Lady Snowblood
un film de Toshiya Fujita (1973)

Lady Snowblood

Au cours des années 1960, face à l’invasion télévisuelle des foyers japonais, l’industrie cinématographique dût redoubler d’imagination pour lutter contre la désertion des salles obscures. Les studios firent confiance, en un premier temps, aux enfants terribles de la nouvelle vague. Enchaînant les films sulfureux et bon-marché dans lesquels apparaissaient en filigrane les angoisses de leur propre génération, Kiju Yoshida, Seijun Suzuki, Hiroshi Teshigahara et consorts donnèrent ainsi voix à leurs désirs et indignation. Dès la fin de la décennie, sur les bases jetées par ces cinéastes novateurs, ce fût au tour du cinéma d’exploitation de se réinventer. Le chanbara1 et les films de yakuzas connaissaient alors, sous l’impulsion de réalisateurs comme Hideo Gosha, Kenji Misumi ou Kinji Fukasaku, une évolution proche de celle du western et du polar américains, voyant s’entrechoquer renouvellement des formes et commentaire social sous les éclaboussures de sang. Dans ce contexte, où toute innovation paraissait bonne à prendre, un genre bien particulier allait émerger : ce fût la naissance de la Pinky Violence.

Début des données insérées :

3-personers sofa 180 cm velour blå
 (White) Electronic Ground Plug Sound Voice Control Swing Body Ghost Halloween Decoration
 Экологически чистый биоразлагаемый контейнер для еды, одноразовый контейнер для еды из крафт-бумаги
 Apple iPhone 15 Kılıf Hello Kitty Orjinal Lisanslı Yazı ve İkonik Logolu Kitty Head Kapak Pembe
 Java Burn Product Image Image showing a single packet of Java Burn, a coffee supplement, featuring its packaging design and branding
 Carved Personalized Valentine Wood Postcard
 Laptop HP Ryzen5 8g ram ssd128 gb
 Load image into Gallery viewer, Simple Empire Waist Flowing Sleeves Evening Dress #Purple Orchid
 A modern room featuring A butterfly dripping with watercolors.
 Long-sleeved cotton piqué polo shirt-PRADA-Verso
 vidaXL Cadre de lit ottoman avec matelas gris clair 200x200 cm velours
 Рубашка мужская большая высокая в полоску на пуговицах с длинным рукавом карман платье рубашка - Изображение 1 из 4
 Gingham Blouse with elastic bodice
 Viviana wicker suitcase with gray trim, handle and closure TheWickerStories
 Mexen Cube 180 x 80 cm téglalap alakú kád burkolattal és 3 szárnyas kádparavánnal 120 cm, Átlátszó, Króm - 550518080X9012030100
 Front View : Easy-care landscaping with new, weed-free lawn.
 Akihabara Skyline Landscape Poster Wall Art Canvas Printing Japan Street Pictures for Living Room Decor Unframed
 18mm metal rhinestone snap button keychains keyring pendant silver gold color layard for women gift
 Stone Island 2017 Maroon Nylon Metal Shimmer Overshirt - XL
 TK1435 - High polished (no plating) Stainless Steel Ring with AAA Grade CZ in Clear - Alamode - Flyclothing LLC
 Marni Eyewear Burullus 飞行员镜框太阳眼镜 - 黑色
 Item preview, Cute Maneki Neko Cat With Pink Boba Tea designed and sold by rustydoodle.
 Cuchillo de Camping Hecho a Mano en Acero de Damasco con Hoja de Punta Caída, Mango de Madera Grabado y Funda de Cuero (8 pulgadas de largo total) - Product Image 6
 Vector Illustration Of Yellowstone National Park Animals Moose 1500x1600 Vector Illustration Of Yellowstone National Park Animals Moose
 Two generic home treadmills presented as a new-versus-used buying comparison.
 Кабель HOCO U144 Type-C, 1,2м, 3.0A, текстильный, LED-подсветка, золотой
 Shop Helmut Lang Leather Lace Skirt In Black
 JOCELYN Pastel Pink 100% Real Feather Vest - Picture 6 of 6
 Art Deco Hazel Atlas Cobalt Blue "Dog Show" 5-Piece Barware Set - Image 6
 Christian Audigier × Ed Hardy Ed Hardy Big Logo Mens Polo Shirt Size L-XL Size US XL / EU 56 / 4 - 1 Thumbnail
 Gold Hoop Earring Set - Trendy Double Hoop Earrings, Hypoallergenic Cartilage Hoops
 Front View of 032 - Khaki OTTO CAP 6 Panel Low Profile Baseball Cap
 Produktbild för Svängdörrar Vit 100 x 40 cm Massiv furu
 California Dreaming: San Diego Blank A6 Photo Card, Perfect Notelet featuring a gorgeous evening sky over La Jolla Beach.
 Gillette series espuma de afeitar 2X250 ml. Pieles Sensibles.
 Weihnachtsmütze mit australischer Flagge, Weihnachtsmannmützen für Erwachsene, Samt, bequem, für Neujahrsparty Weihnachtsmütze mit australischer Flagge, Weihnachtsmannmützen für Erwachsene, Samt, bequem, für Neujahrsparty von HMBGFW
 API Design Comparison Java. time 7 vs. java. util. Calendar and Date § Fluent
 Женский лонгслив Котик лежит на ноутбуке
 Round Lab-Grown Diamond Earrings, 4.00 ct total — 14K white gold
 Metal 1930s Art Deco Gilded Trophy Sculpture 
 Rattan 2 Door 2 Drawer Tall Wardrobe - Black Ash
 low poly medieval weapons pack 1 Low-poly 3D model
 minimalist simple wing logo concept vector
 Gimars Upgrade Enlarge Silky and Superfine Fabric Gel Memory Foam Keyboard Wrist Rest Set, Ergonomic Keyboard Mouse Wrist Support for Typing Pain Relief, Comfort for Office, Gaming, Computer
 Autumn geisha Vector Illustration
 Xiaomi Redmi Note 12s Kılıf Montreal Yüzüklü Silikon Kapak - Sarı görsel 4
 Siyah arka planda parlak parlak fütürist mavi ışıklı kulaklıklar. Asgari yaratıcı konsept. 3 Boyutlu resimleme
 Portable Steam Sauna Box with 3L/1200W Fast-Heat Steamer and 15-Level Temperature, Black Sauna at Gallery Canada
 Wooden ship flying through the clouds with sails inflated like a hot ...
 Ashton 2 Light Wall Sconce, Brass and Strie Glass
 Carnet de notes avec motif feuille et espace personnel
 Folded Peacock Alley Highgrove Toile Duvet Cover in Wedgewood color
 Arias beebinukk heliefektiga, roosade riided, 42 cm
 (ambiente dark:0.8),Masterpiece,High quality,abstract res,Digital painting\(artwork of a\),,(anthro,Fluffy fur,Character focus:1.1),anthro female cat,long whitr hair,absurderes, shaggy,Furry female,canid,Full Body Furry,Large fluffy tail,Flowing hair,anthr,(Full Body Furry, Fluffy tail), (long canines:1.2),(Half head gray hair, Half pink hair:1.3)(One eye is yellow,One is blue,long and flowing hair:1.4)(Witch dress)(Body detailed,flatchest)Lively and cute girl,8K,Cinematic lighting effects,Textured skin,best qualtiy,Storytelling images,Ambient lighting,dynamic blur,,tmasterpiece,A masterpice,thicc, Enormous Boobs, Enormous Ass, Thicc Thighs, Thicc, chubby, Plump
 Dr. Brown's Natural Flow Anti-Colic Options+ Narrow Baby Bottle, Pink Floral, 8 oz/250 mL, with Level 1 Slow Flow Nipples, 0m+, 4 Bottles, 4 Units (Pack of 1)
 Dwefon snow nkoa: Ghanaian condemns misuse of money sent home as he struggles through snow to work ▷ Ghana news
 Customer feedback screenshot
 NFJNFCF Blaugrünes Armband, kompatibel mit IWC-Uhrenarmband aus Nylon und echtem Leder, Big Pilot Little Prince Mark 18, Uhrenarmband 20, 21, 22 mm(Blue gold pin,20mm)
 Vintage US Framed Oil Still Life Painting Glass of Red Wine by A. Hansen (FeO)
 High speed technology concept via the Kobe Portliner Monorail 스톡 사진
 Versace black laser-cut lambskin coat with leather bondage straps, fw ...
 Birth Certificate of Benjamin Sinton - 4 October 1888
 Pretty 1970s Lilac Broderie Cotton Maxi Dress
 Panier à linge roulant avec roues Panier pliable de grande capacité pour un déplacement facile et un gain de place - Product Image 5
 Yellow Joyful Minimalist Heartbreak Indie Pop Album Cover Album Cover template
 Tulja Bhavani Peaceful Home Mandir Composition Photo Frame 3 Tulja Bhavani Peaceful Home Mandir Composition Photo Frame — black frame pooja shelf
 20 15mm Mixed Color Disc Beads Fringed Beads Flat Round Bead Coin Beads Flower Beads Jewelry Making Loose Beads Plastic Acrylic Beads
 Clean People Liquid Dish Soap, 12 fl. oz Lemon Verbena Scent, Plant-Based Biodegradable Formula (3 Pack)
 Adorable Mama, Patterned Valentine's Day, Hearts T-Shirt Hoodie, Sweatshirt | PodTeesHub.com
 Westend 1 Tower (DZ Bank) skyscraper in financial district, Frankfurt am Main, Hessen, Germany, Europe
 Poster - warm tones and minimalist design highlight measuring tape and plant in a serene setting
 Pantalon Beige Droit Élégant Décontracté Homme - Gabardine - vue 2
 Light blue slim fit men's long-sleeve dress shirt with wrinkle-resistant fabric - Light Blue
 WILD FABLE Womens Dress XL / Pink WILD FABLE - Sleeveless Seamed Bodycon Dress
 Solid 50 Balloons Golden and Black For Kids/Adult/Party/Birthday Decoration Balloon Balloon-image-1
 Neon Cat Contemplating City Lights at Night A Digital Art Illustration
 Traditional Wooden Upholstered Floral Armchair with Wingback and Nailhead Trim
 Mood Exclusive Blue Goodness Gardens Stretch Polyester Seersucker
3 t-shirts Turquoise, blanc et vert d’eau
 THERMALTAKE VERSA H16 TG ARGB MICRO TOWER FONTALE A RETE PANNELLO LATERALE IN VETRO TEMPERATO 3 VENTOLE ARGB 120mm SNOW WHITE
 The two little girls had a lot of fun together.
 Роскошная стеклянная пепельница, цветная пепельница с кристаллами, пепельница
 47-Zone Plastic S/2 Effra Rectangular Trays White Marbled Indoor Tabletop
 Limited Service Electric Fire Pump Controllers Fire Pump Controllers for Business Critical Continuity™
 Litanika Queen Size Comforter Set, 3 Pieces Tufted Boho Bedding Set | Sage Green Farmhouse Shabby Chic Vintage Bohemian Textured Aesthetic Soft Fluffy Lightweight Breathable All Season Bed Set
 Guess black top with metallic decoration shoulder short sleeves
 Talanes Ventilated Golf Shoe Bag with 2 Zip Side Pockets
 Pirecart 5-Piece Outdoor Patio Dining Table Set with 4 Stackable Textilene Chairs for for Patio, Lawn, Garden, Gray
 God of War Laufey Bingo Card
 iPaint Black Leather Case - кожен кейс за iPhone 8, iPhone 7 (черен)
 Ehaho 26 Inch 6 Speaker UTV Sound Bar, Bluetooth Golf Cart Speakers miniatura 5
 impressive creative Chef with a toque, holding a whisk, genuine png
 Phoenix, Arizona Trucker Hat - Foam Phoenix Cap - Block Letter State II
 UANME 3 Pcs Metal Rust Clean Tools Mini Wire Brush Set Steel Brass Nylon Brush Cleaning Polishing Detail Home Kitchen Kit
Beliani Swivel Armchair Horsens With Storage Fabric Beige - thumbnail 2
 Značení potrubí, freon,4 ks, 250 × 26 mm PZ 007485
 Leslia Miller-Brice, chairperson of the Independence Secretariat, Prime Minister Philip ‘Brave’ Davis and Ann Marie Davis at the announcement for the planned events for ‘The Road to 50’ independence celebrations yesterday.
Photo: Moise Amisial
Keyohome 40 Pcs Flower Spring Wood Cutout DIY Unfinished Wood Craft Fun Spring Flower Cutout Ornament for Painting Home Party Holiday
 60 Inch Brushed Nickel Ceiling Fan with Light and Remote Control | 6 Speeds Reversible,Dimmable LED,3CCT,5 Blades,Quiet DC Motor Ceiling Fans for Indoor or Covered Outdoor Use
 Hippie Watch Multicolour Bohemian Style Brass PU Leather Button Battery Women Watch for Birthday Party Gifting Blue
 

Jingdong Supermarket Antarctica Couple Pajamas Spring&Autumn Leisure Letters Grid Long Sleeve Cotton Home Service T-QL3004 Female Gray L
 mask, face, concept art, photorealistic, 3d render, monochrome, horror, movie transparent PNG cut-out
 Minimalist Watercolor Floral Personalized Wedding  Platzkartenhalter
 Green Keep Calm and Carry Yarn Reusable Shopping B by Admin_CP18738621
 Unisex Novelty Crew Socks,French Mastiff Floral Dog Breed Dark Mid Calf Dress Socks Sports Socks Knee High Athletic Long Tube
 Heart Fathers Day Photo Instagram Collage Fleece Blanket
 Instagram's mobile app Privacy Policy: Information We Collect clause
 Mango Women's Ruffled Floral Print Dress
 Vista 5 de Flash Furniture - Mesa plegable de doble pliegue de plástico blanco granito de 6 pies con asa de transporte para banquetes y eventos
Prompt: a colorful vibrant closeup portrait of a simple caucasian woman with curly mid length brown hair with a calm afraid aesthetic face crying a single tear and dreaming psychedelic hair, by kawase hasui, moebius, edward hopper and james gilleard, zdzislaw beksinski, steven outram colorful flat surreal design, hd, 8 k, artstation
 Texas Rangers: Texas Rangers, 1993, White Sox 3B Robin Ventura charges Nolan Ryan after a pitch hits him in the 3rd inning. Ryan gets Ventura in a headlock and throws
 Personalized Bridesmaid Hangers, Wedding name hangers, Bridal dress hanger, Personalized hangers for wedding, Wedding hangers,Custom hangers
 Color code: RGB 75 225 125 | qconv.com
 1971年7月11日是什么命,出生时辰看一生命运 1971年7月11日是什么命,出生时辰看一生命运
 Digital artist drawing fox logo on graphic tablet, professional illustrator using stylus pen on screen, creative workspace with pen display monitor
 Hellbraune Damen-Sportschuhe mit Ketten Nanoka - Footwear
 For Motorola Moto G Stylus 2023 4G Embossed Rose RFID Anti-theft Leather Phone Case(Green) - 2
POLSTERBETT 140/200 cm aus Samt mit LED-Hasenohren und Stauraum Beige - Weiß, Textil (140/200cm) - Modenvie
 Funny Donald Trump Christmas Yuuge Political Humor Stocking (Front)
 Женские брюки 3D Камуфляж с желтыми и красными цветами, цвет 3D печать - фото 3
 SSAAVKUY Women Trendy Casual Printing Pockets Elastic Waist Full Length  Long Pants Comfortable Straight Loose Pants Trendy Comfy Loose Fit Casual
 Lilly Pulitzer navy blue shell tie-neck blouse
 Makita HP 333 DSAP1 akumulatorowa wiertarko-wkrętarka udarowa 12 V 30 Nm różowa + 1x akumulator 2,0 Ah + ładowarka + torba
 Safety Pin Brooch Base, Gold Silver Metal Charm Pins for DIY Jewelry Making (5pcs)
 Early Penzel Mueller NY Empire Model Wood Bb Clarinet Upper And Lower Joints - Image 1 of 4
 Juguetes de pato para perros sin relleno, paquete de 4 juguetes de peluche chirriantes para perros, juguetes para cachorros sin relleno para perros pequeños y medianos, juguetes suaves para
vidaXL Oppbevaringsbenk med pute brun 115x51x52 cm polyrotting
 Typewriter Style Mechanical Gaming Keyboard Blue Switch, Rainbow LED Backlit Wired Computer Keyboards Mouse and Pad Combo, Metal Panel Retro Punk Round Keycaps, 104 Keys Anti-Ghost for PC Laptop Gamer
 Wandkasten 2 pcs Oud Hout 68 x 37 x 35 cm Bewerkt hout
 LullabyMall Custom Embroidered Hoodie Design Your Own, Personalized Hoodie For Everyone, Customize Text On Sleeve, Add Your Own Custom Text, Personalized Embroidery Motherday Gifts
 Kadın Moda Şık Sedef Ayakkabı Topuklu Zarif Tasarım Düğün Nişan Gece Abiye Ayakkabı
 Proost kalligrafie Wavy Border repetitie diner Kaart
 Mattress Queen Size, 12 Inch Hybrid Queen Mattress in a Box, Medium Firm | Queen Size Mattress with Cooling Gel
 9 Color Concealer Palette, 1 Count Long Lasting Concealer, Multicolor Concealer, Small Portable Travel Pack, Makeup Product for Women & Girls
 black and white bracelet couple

Lady Snowblood (Toshiya Fujita, 1973)Mêlant la violence des jitsuroku2 à l’érotisme déviant du Roman Porno, des femmes bafouées faisaient jaillir dans ces films joyeusement irrévérencieux le sang de leurs ennemis au rythme endiablé du rock à la mode. Souvent, l’hémoglobine écarlate finissait par recouvrir les kimonos blancs et, dans le meilleur des cas, les corps dénudés des actrices. En somme, nous avons là à faire à un pur plaisir audiovisuel que Russ Meyer lui-même n’aurait certainement pas renié. Pourtant, bien loin de l’étiquette de sexploitation à la japonaise que s’empressèrent de lui accoler les gardiens de la bien-pensance, le genre met surtout en scène des héroïnes qui deviennent les maîtresses indéniables de leur environnement, si ce n’est de leur destin ; des femmes qui feront trembler sur leur passage sanglant l’hypocrisie d’une société exploitant sans scrupules la misogynie de ses traditions. Rapidement la Pinky Violence allait intégrer des éléments d’autres genres, du kaidan3 au film historique, et constituer un corpus aussi cohérent qu’étonnant de diversité thématique et formelle. Lady Snowblood de Toshiya Fujita en représente l’un des incontestables fleurons, le réalisateur issu des Romans Pornos de la Nikkatsu signant pour la Toho une fresque historique d’une éloquente pudeur.

Lady Snowblood (Toshiya Fujita, 1973)Née derrière les barreaux au cours d’une nuit enneigée d’Hiver, l’orpheline Yuki n’a rien d’autre en ce monde que le terrible héritage de sa défunte mère. Violée par la même bande qui avait assassiné son mari et son fils, celle-ci n’avait pu tuer que l’un de ses quatre bourreaux avant d’être condamnée à finir sa vie dans une prison pour femmes. Son unique chance d’accomplir sa vengeance fut donc de mettre au monde l’enfant qui se chargerait à sa place d’éliminer les trois criminels restants. Le sentiment d’injustice est ici décliné sur le mode héréditaire. Profitant de la moindre visite masculine pour se laisser inséminer, elle passera aux yeux de ses compagnonnes de cellule pour une traînée. Mais au cours de l’accouchement, elle leur dévoilera enfin le honteux secret qui lui avait dicté son comportement. Lady Snowblood commence ainsi au son des cris de douleur d’une femme en pleine labeur et des hurlements de son nourrisson dont le destin, à peine entamé, est déjà irrémédiablement marqué par l’extrême noirceur de la haine.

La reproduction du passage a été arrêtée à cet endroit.